Les négociations conduites par l’UGTT ont constitué un véritable tour de force, et ont probablement sauvé la Tunisie de l’issue violente qu’ont connue les autres pays du Printemps arabe.

Le secrétaire général de l’UGTT, Houcine Abbasi, se trouvait à la tête d’un « quatuor » de négociateurs de la société civile – UGTT, UTICA (association des employeurs), LTDH (Ligue tunisienne des droits de l’homme) et l’Association tunisienne des avocats.

L’équipe d’Abbasi a négocié une « feuille de route » et un processus de « dialogue national ».

En décembre, au terme de plusieurs semaines de débats, un nouveau Premier ministre a finalement été désigné en la personne de Mehdi Jomaa. L’ANC a bouclé la constitution en tout juste trois semaines. L’adoption de la constitution a suscité beaucoup d’émotion et a été accueillie par les youyous des femmes députées. Elle fut suivie, en début de semaine, par la signature officielle en présence de chefs d’État et de dignitaires étrangers.

Dans une interview accordée à Equal Times, Naima Hamammi, secrétaire adjointe du Syndicat général de l’enseignement général (affilié à l’UGTT), se félicite de l’issue des négociations : « Les changements apportés à la constitution [finale] c’est au mouvement populaire, à la société civile, aux progressistes, aux partis politiques et à l’UGTT qu’on les doit.  »

Elle relève que la parité homme-femme est désormais inscrite dans la constitution, à la différence des projets antérieurs.

Elle reste, néanmoins prudente : « Il reste à voir comment ces lois fonctionneront dans les faits, » dit-elle avant d’attirer l’attention sur les difficultés économiques que traverse la Tunisie en déclarant : « Faute de stabilité, il y a un risque de retour en arrière. »

 

Et maintenant quoi ?

La nouvelle constitution protège, entre autres, la liberté syndicale, le droit de grève, l’égalité homme-femme et la liberté d’expression.
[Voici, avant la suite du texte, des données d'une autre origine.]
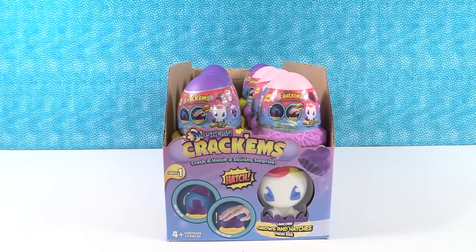Hey guys, it's Shannon. And Paula. And today we're here with the Mashems Crack'ums - Crack'n Hatch a squishy surprise. That's pretty cool.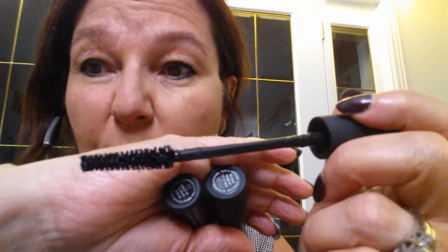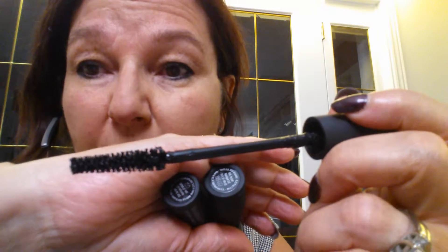What I like about it too is the new wand, which is very helpful. It's more pointy so it helps to guide — you can go in the corners with it and it helps to separate your lashes.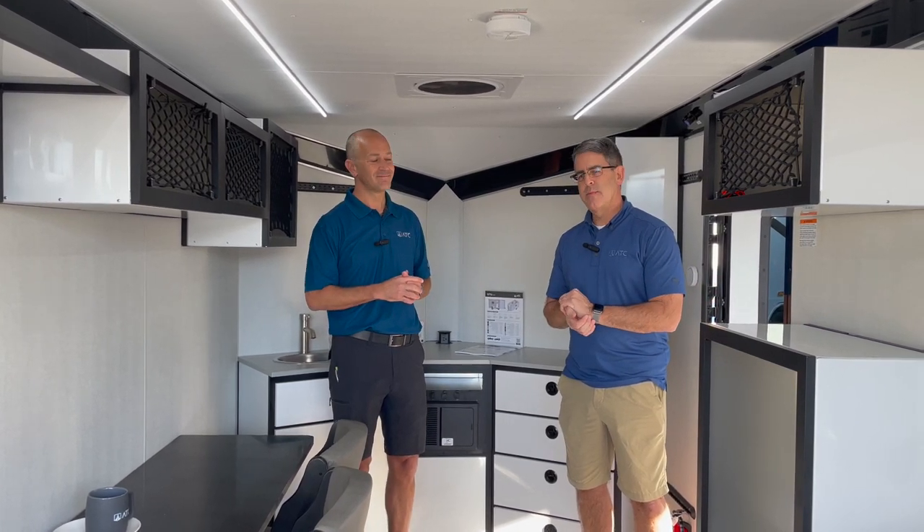Thanks for watching — appreciate you looking. More information is on the website, and we look forward to having you all explore this more. Find one at your local dealer.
L’État garantit le droit à un environnement sain et il lui incombe aussi de garantir un emploi à ses citoyens. Bien que la Tunisie avait un le taux de chômage officiel de 15,7 % au troisième trimestre de 2013, les chiffres réels seraient bien plus élevés et avec des disparités régionales importantes – dans certaines régions un tiers, voire la moitié de la population est sans emploi.

La constitution appelle l’État à veiller à l’élimination de la violence à l’égard des femmes et prévoit la décentralisation comme d’objectif d’État – la région centrale de la Tunisie a été affectée par des décennies de sous-développement.
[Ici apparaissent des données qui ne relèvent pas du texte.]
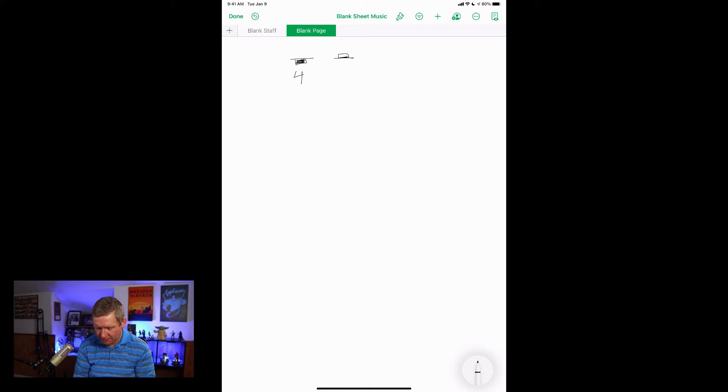The half note rest gets two beats, and the quarter note rest gets one beat — just like their corresponding note values. I like to keep it simple. I use one word to represent all of these: the word 'rest.' The word 'rest' equals one beat. So for a quarter note rest, I say 'rest' once. For a half note rest, I say 'rest' twice. For a whole note rest, I say 'rest' four times. I'll abbreviate it as 'R' when writing to save time.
Cependant, la réalité sur le terrain est bien éloignée des articles de la constitution.

Le Fonds monétaire international (FMI) fait pression sur la Tunisie pour qu’elle procède aux ajustements jugés nécessaires pour répondre aux exigences du capitalisme international. Des militants progressistes affirment, pour leur part, qu’aucune vision alternative au néolibéralisme ne semble s’imposer. Or le néolibéralisme – qui fut la politique du dictateur Ben Ali – s’est avéré désastreux pour les Tunisiens ordinaires.

La nouvelle constitution n’est qu’une étape dans le processus ; mais où va désormais la révolution tunisienne ?

 

Cet article a été traduit de l'anglais.